• [Task to complete]: Using the material below, repeat exactly the lines from the one with "new 2025 Volkswagen" through the one with "Detail Gallery Image", ends included, without any images.

• [Source material]:
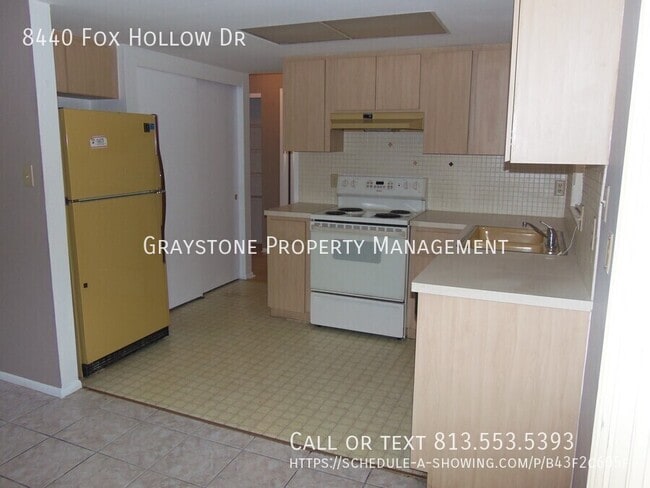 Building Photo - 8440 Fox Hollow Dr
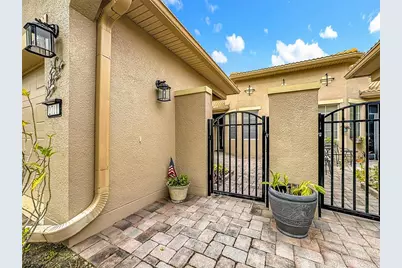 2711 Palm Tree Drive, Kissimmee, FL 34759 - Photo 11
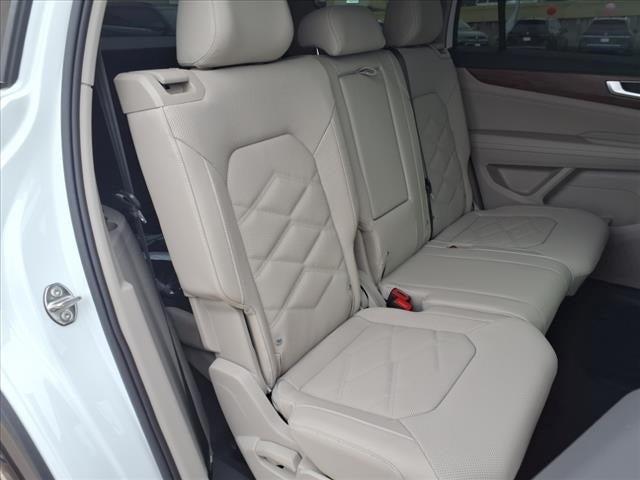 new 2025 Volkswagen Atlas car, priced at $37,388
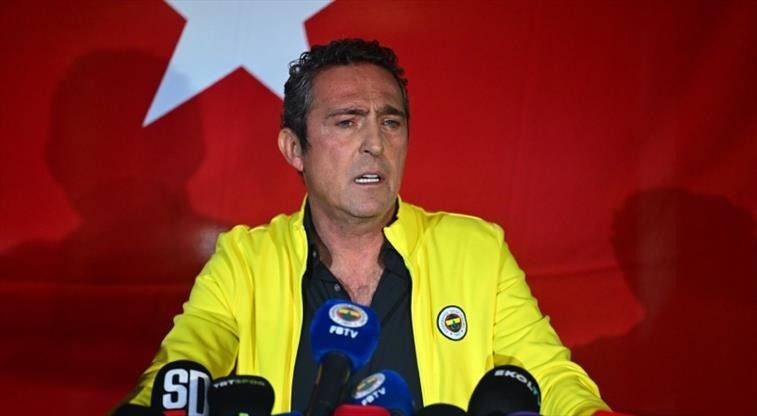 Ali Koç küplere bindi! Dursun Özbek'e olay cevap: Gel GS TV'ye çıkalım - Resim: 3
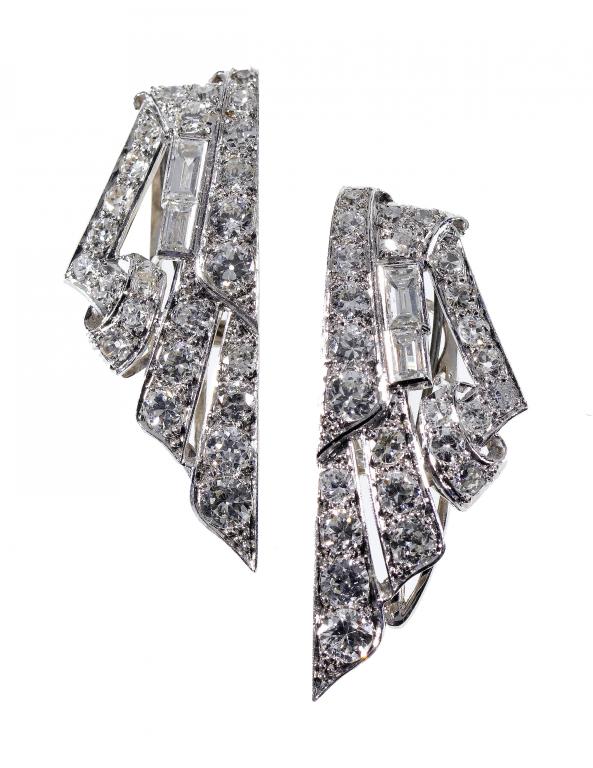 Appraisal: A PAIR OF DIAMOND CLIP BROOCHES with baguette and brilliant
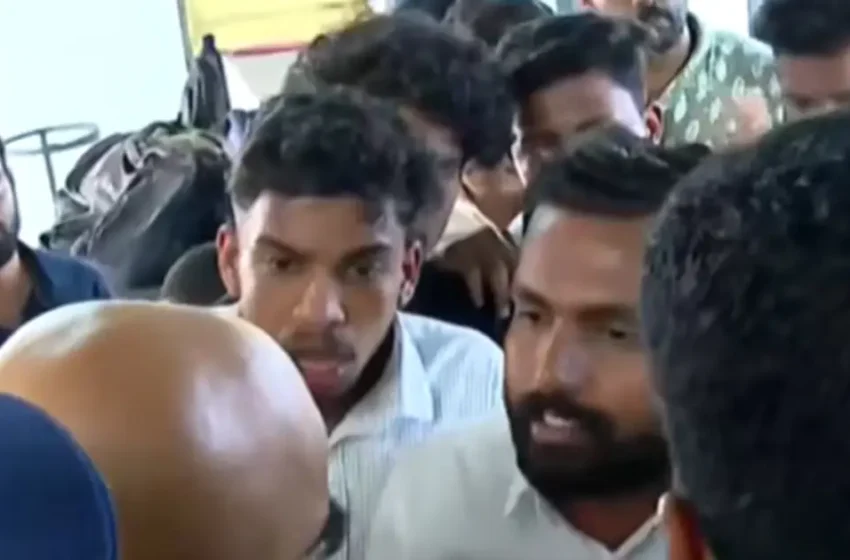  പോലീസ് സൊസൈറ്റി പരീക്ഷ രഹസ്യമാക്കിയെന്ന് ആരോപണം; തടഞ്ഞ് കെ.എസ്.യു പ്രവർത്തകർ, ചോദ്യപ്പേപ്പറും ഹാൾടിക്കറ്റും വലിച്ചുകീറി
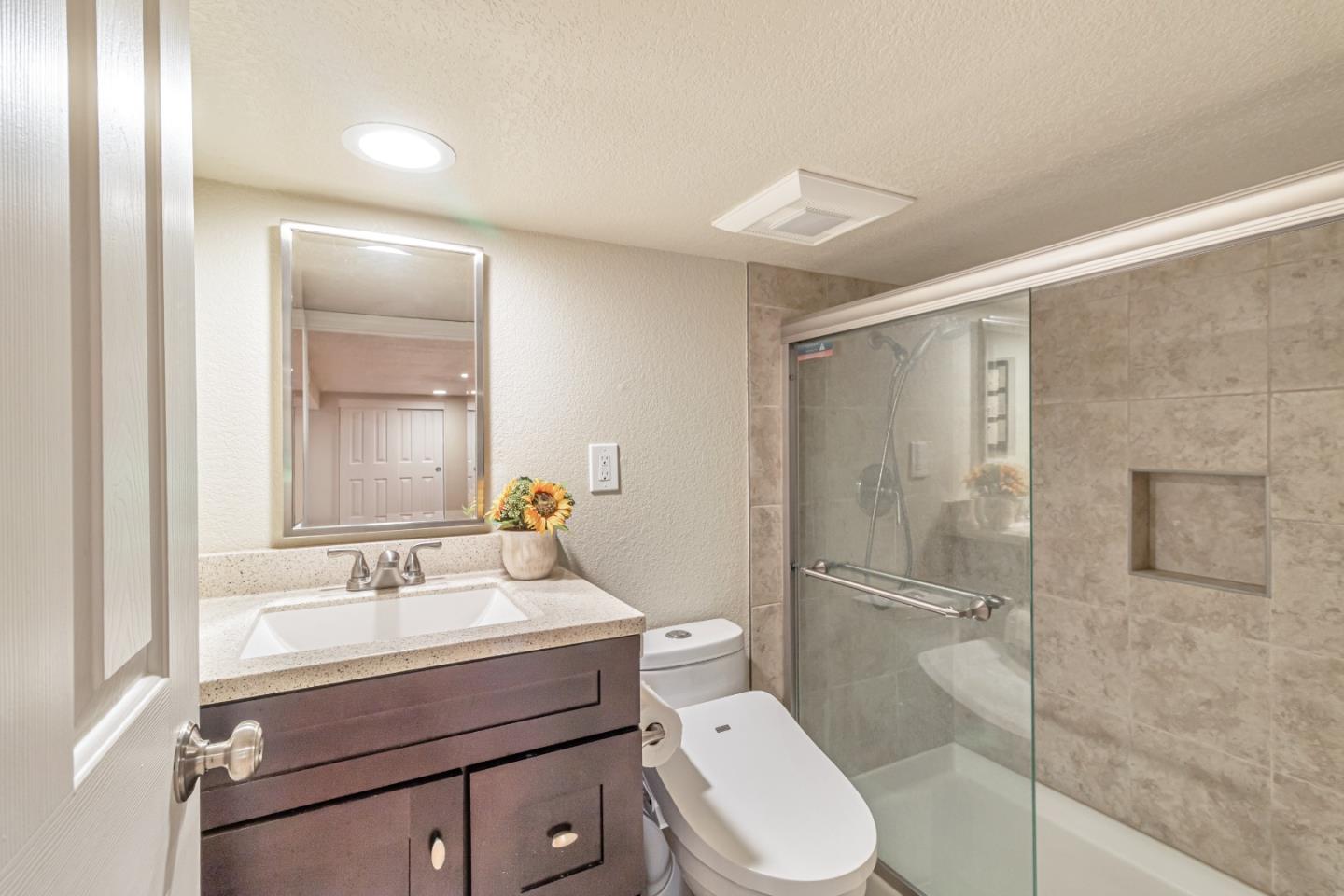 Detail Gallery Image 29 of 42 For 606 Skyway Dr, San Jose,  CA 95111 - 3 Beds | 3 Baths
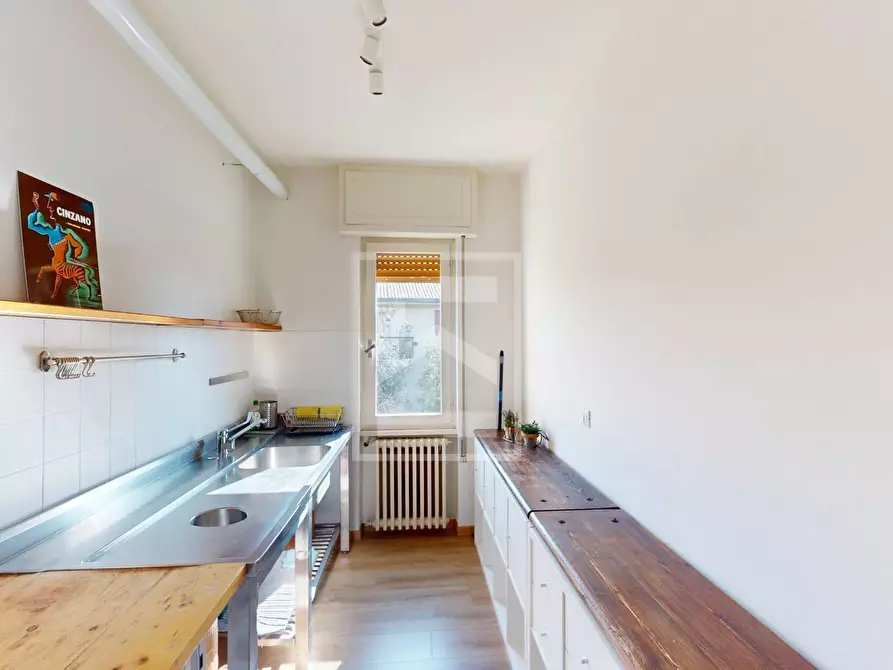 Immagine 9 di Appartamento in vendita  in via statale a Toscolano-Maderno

• [Result]:
 new 2025 Volkswagen Atlas car, priced at $37,388
 Ali Koç küplere bindi! Dursun Özbek'e olay cevap: Gel GS TV'ye çıkalım - Resim: 3
 Appraisal: A PAIR OF DIAMOND CLIP BROOCHES with baguette and brilliant
  പോലീസ് സൊസൈറ്റി പരീക്ഷ രഹസ്യമാക്കിയെന്ന് ആരോപണം; തടഞ്ഞ് കെ.എസ്.യു പ്രവർത്തകർ, ചോദ്യപ്പേപ്പറും ഹാൾടിക്കറ്റും വലിച്ചുകീറി
 Detail Gallery Image 29 of 42 For 606 Skyway Dr, San Jose,  CA 95111 - 3 Beds | 3 Baths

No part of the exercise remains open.